### Given data
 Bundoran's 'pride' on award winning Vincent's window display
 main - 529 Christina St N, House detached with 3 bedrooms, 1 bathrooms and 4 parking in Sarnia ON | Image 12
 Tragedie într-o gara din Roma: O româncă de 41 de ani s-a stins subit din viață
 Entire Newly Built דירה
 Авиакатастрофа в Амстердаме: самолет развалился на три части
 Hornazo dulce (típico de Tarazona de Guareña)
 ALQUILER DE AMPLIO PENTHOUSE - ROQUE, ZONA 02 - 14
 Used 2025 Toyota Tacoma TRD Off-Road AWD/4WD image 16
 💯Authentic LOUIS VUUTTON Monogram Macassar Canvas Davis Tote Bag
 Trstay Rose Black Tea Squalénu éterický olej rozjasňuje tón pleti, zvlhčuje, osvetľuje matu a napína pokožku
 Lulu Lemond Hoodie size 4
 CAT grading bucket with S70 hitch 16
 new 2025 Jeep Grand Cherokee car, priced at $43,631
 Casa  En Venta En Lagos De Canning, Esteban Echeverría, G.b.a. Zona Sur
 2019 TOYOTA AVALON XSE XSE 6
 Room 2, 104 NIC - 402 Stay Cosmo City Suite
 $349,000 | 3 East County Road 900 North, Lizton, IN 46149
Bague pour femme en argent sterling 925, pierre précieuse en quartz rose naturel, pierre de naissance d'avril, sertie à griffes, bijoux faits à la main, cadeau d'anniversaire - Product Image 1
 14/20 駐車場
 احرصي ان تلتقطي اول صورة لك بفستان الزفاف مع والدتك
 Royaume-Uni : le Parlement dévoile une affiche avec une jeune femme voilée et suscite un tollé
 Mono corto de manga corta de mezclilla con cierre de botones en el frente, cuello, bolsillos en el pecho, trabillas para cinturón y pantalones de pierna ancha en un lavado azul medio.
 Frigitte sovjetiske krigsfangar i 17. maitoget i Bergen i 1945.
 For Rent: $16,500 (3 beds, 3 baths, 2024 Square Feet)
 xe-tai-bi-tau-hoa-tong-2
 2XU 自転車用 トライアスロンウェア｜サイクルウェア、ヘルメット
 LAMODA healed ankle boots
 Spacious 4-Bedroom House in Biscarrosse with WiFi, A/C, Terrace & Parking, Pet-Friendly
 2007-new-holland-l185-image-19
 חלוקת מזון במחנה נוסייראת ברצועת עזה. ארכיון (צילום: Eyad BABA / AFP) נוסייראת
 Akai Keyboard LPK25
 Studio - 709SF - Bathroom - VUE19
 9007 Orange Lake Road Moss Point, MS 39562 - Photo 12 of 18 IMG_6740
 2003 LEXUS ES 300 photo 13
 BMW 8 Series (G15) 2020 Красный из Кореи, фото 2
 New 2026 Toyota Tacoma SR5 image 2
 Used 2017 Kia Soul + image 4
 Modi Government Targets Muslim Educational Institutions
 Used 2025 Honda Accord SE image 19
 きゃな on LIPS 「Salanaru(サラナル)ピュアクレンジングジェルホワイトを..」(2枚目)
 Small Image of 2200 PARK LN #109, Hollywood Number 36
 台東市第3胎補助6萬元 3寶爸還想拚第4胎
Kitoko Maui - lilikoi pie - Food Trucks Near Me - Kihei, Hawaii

### Requirement
For each record in the listing, output it again exactly.

### Response to the exercise
 Bundoran's 'pride' on award winning Vincent's window display
 main - 529 Christina St N, House detached with 3 bedrooms, 1 bathrooms and 4 parking in Sarnia ON | Image 12
 Tragedie într-o gara din Roma: O româncă de 41 de ani s-a stins subit din viață
 Entire Newly Built דירה
 Авиакатастрофа в Амстердаме: самолет развалился на три части
 Hornazo dulce (típico de Tarazona de Guareña)
 ALQUILER DE AMPLIO PENTHOUSE - ROQUE, ZONA 02 - 14
 Used 2025 Toyota Tacoma TRD Off-Road AWD/4WD image 16
 💯Authentic LOUIS VUUTTON Monogram Macassar Canvas Davis Tote Bag
 Trstay Rose Black Tea Squalénu éterický olej rozjasňuje tón pleti, zvlhčuje, osvetľuje matu a napína pokožku
 Lulu Lemond Hoodie size 4
 CAT grading bucket with S70 hitch 16
 new 2025 Jeep Grand Cherokee car, priced at $43,631
 Casa  En Venta En Lagos De Canning, Esteban Echeverría, G.b.a. Zona Sur
 2019 TOYOTA AVALON XSE XSE 6
 Room 2, 104 NIC - 402 Stay Cosmo City Suite
 $349,000 | 3 East County Road 900 North, Lizton, IN 46149
Bague pour femme en argent sterling 925, pierre précieuse en quartz rose naturel, pierre de naissance d'avril, sertie à griffes, bijoux faits à la main, cadeau d'anniversaire - Product Image 1
 14/20 駐車場
 احرصي ان تلتقطي اول صورة لك بفستان الزفاف مع والدتك
 Royaume-Uni : le Parlement dévoile une affiche avec une jeune femme voilée et suscite un tollé
 Mono corto de manga corta de mezclilla con cierre de botones en el frente, cuello, bolsillos en el pecho, trabillas para cinturón y pantalones de pierna ancha en un lavado azul medio.
 Frigitte sovjetiske krigsfangar i 17. maitoget i Bergen i 1945.
 For Rent: $16,500 (3 beds, 3 baths, 2024 Square Feet)
 xe-tai-bi-tau-hoa-tong-2
 2XU 自転車用 トライアスロンウェア｜サイクルウェア、ヘルメット
 LAMODA healed ankle boots
 Spacious 4-Bedroom House in Biscarrosse with WiFi, A/C, Terrace & Parking, Pet-Friendly
 2007-new-holland-l185-image-19
 חלוקת מזון במחנה נוסייראת ברצועת עזה. ארכיון (צילום: Eyad BABA / AFP) נוסייראת
 Akai Keyboard LPK25
 Studio - 709SF - Bathroom - VUE19
 9007 Orange Lake Road Moss Point, MS 39562 - Photo 12 of 18 IMG_6740
 2003 LEXUS ES 300 photo 13
 BMW 8 Series (G15) 2020 Красный из Кореи, фото 2
 New 2026 Toyota Tacoma SR5 image 2
 Used 2017 Kia Soul + image 4
 Modi Government Targets Muslim Educational Institutions
 Used 2025 Honda Accord SE image 19
 きゃな on LIPS 「Salanaru(サラナル)ピュアクレンジングジェルホワイトを..」(2枚目)
 Small Image of 2200 PARK LN #109, Hollywood Number 36
 台東市第3胎補助6萬元 3寶爸還想拚第4胎
Kitoko Maui - lilikoi pie - Food Trucks Near Me - Kihei, Hawaii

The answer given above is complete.